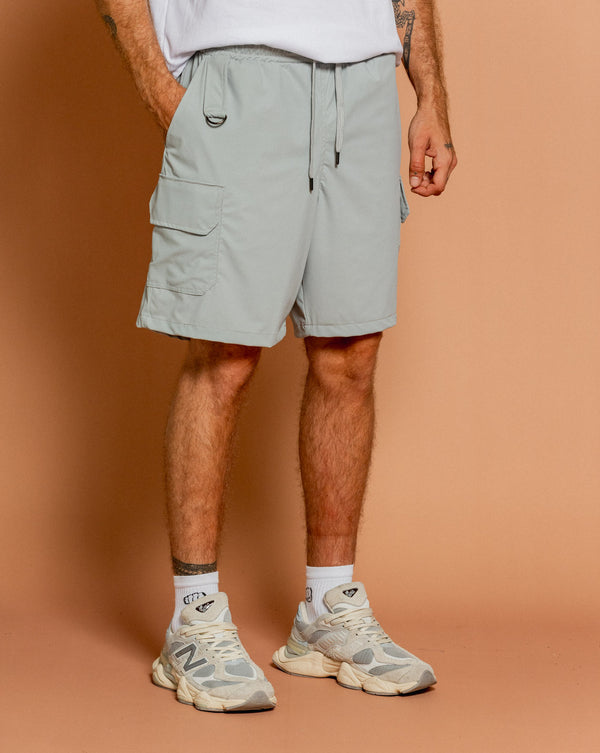 Pantaloneta Starter Gris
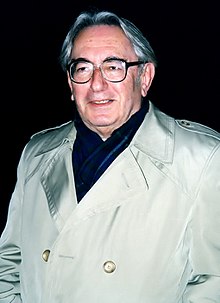 János Sebestyén en 2003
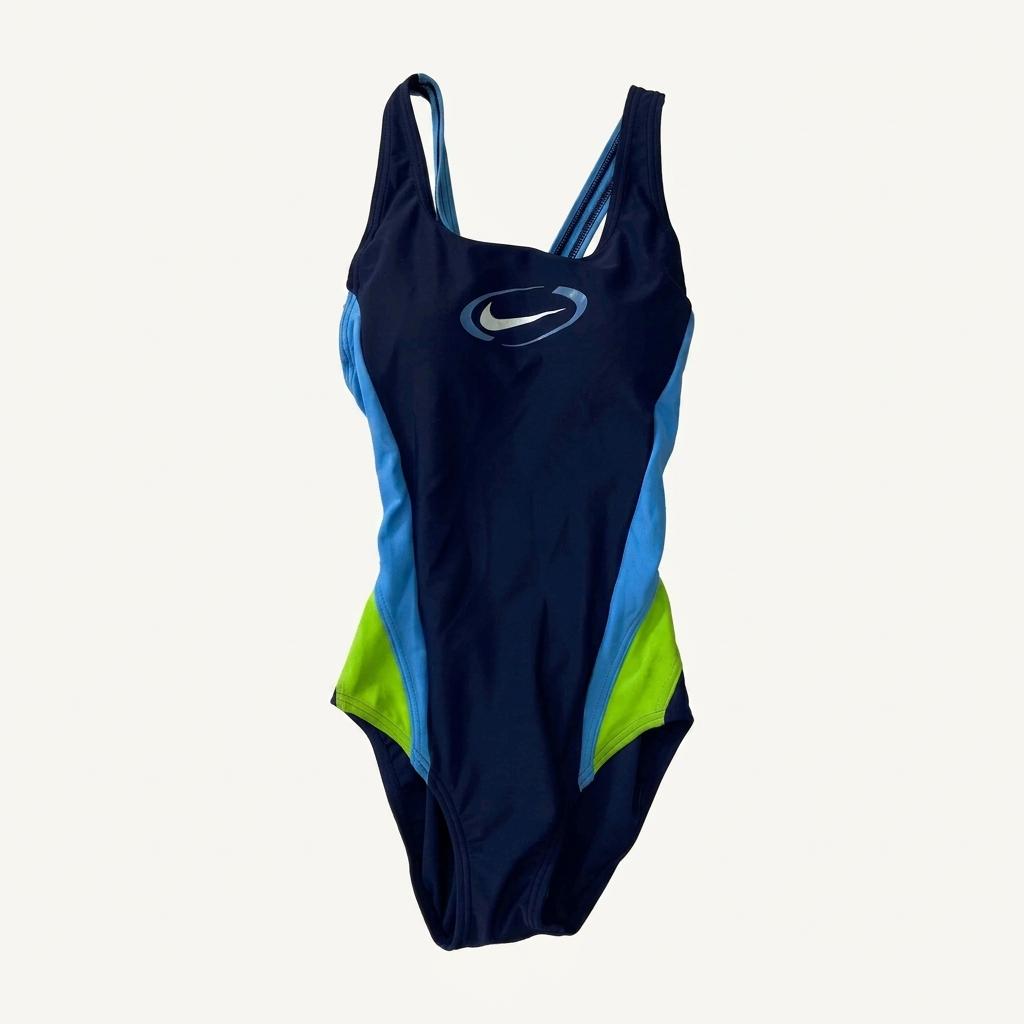 90s NIKE swimwear 1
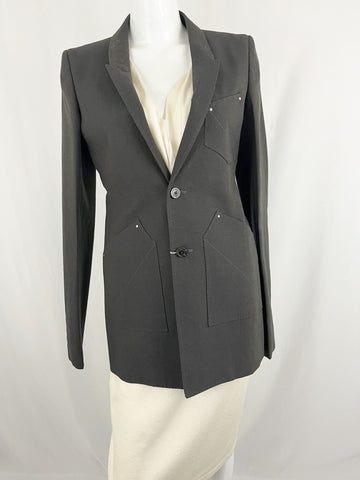 NEW Rick Owens Performa Jacket Size 4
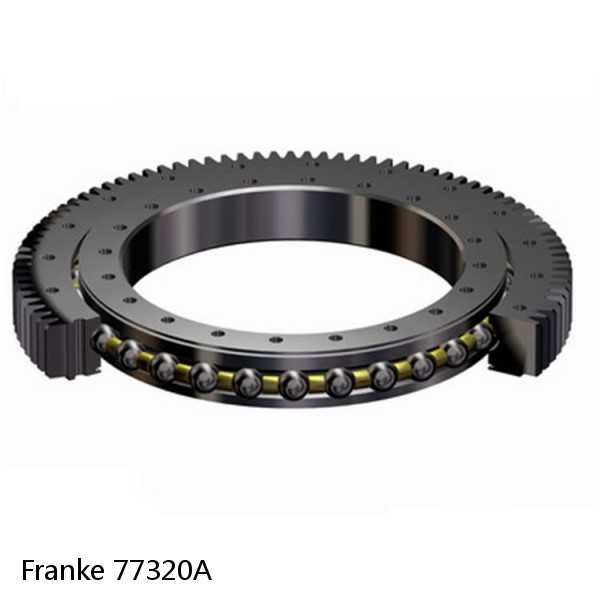 77320A Franke Slewing Ring Bearings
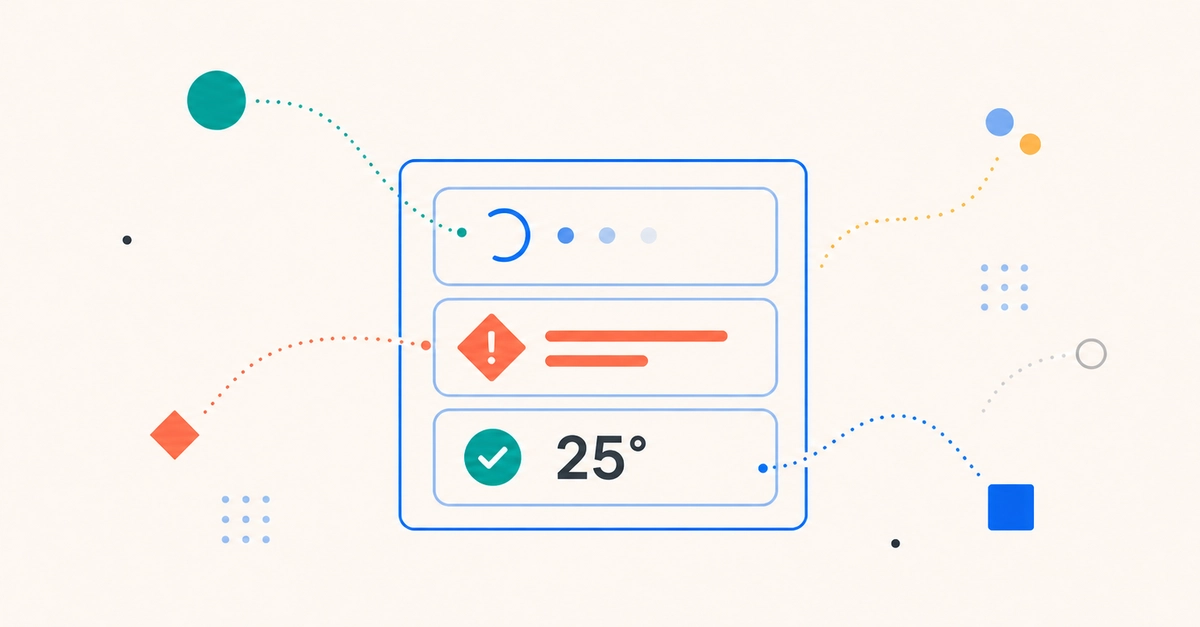 Displaying async values in Flutter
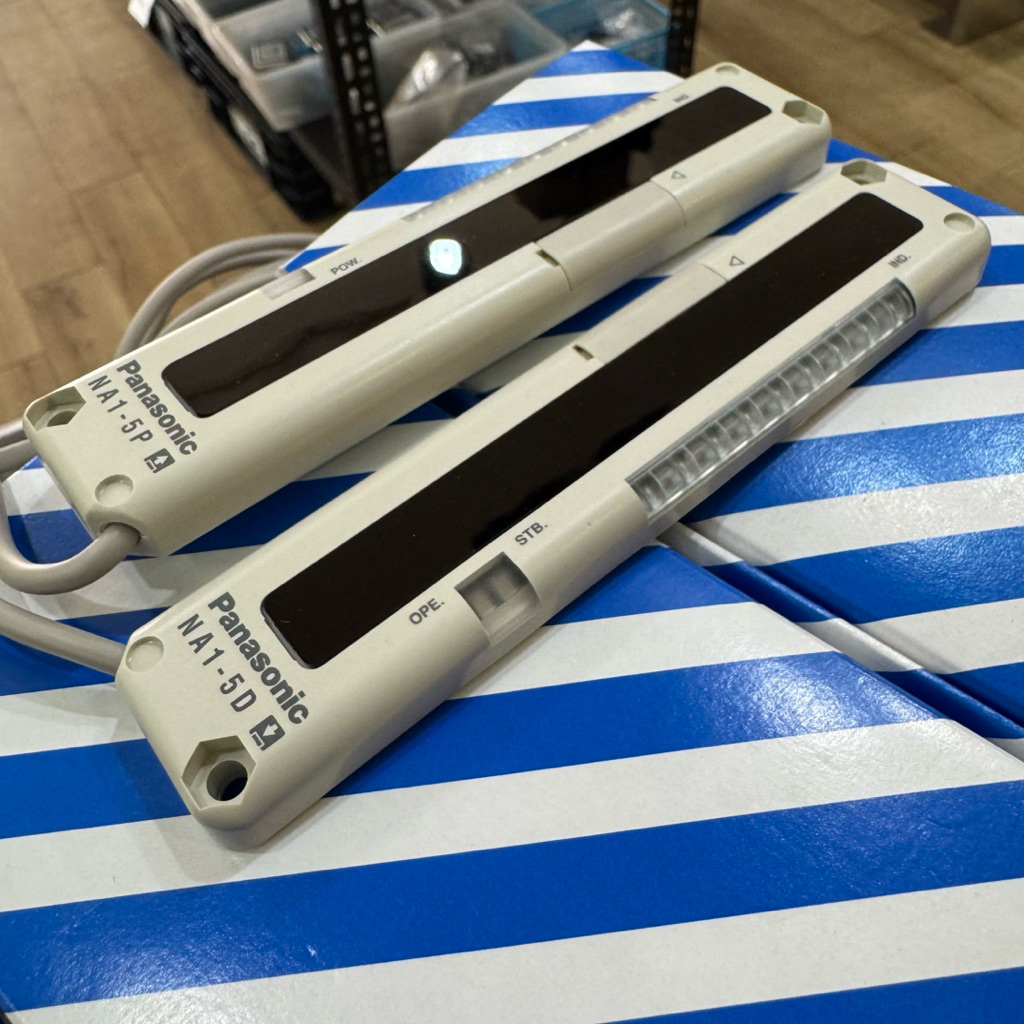 Panasonic NA1-5 Area Sensor (NA1-5P + NA1-5D) เซนเซอร์ม่านแสง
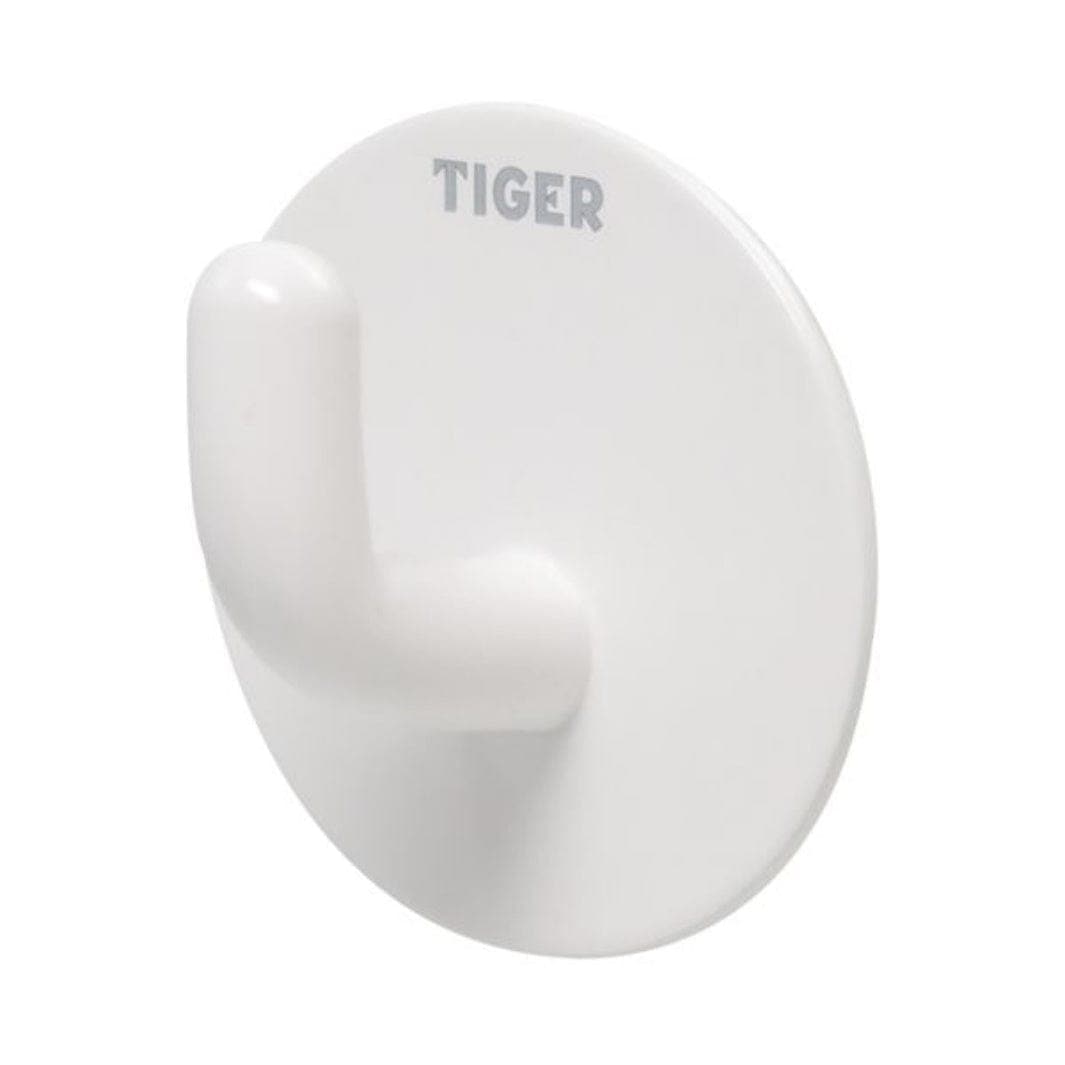 Tiger Rondo krok Hvit Tiger Knagger CO-T117501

------

## Task directions
Extract exactly the lines from the one containing "Displaying async values in Flutter" through the last line of the records above, both included, and leave out the pictures.

## Solution to the problem
 Displaying async values in Flutter
 Panasonic NA1-5 Area Sensor (NA1-5P + NA1-5D) เซนเซอร์ม่านแสง
 Tiger Rondo krok Hvit Tiger Knagger CO-T117501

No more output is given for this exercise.